Die Weihnachtstage nahen und mit ihnen auch das alljährliche Büro-Wichteln. Und wer jetzt noch kein Unter-Zehn-Euro Geschenk für den Nerd aus der IT oder die Kollegin aus der Personalabteilung hat, für den gibt es dieses Jahr ein ganz besonderes Schmankerl. Wie wäre es denn mit einem Weltkriegsbunker im wunderschönen Hamm in Westfalen? Für den Startpreis von einem Euro wird das mehr als 900 Quadratmeter große Wunderwerk der Stahlbetonbaukunst versteigert. Und die mehr als 700 Quadratmeter Grundstück drum herum gibt’s direkt mit bei, wie man im Ruhrpott sagen würde.
Zwar könnte es Probleme dabei geben, dieses einzigartige Wichtelgeschenk unter den Weihnachtsbaum in der Firmenlobby zu bekommen – ganz zu schweigen von den Kosten für das Geschenkpapier –, aber der Platz als Top-Gesprächsthema der Weihnachtsfeier wäre einem damit sicher. Und nützlich wäre es auch noch. Denn, mal ehrlich, wer würde sich nicht mal gerne vor dem Bombardement aus E-Mails, Teams-Nachrichten und Video-Konferenzen verstecken? Und wer hat sich nicht schon einmal meterdicke Betonwände zwischen sich und dem Chef gewünscht?
Damit jedoch nicht genug: Es reicht auch, die Katastrophenberichterstattung auf einer Medien-Plattform der Wahl runter zu scrollen, um zu sehen, dass man jemandem mit diesem Bunker ein Geschenk für die Zukunft machen würde. In dieser Schiene denken inzwischen nicht nur paranoide Milliardäre und noch paranoidere Prepper, sondern auch die Bundesregierung selbst. So ließen das Innenministerium und das Bundesamt für Bevölkerungsschutz und Katastrophenhilfe wegen der zunehmenden russischen Drohgebärden gerade prüfen, wie es denn um den Stand der deutschen Schutzinfrastruktur steht. Das Ergebnis: schlecht. Nur 580 offizielle Bunkerräume sind nutzbar. Bei rund 480 000 Schutzplätzen würde gerade einmal etwas mehr als ein halbes Prozent der Bevölkerung unterkommen. Im innereuropäischen Vergleich steht Deutschland damit wieder einmal recht abgeschlagen da. Während in Finnland rund 80 Prozent der Bevölkerung im Ernstfall Schutz in einem Bunker finden könnte, liegt diese Quote in der Schweiz sogar bei 120 Prozent.

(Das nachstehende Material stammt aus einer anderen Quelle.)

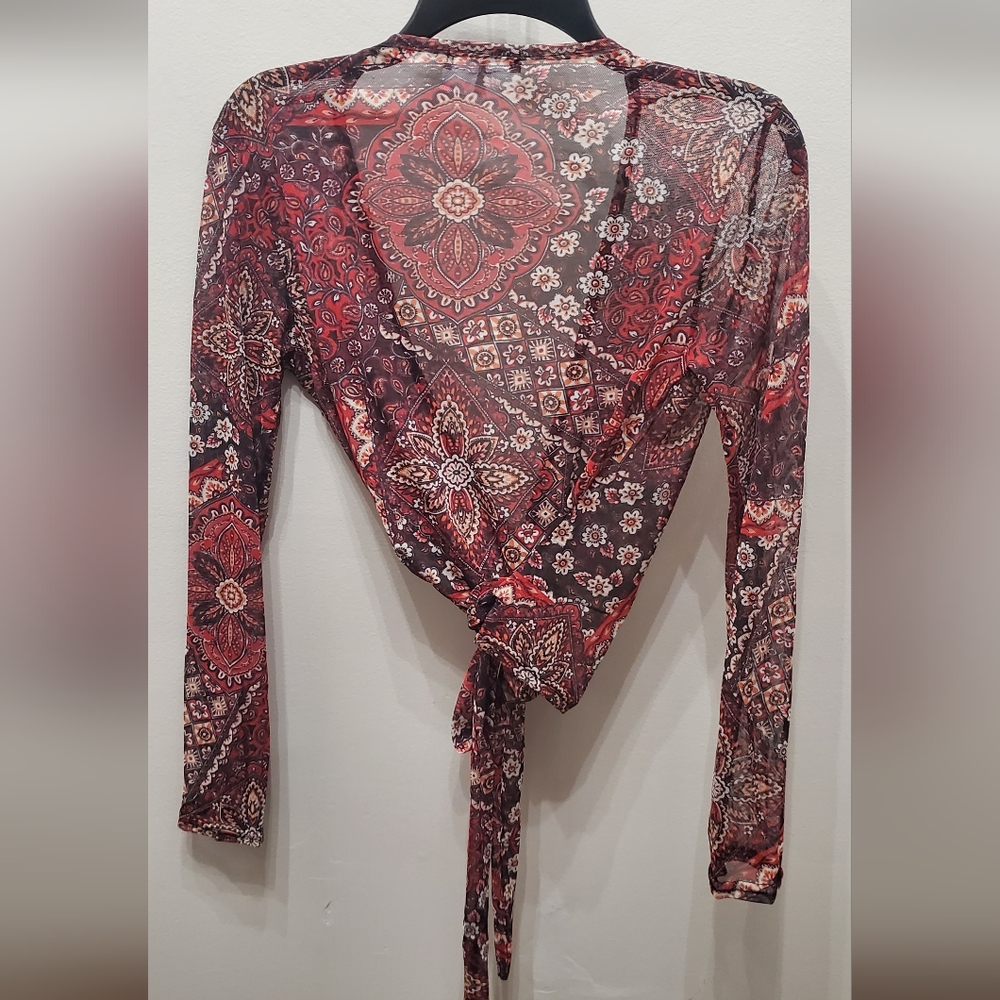 DAISY STREET SHEER FLORAL PRINT WRAP CROP TOP - Picture 2 of 4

Und bis zum Tag X – sei es nun der dritte Weltkrieg, die Zombieapokalypse oder der Kollaps der Gesellschaft durch die Klimakatastrophe – kann man den Stahlbetonkoloss ja noch zur upgecycelten Trendimmobilie aufmöbeln – ganz nach dem Vorbild eines alten Flak-Bunkers in Hamburg: Dachbegrünung, Loft-Apartments mit Studioflair und im Erdgeschoss wahlweise eine Fairtrade-Coffeebar oder eine postmoderne Pop-up-Kunstgalerie. Brutalismus meets Solarpunk meets Kreuzberger Hipster. All das vor dem charmanten Hintergrundgrau des Ruhrgebiets. Und sollten diese Pläne floppen, vermietet man die Räumlichkeiten halt an die Nachwuchs-Punkbands der Nachbarschaft. Proberäume werden immer gebraucht.
Was könnte schon gegen so ein zukunftsträchtiges Wichtelgeschenk ankommen? Verkrampft flippige Socken mit „lustigem“ Avocado-Emoji-Aufdruck? Ein stümperhaft geschriebenes Selbstoptimierungs-Ratgeberbuch aus zweiter Hand? Oder von den Kindern der Arbeitskollegin selbst gebackene Weihnachtsplätzchen? Na gut. Gegen von liebevollen Kinderhänden gebackene Plätzchen kann man nun wirklich nichts einwenden.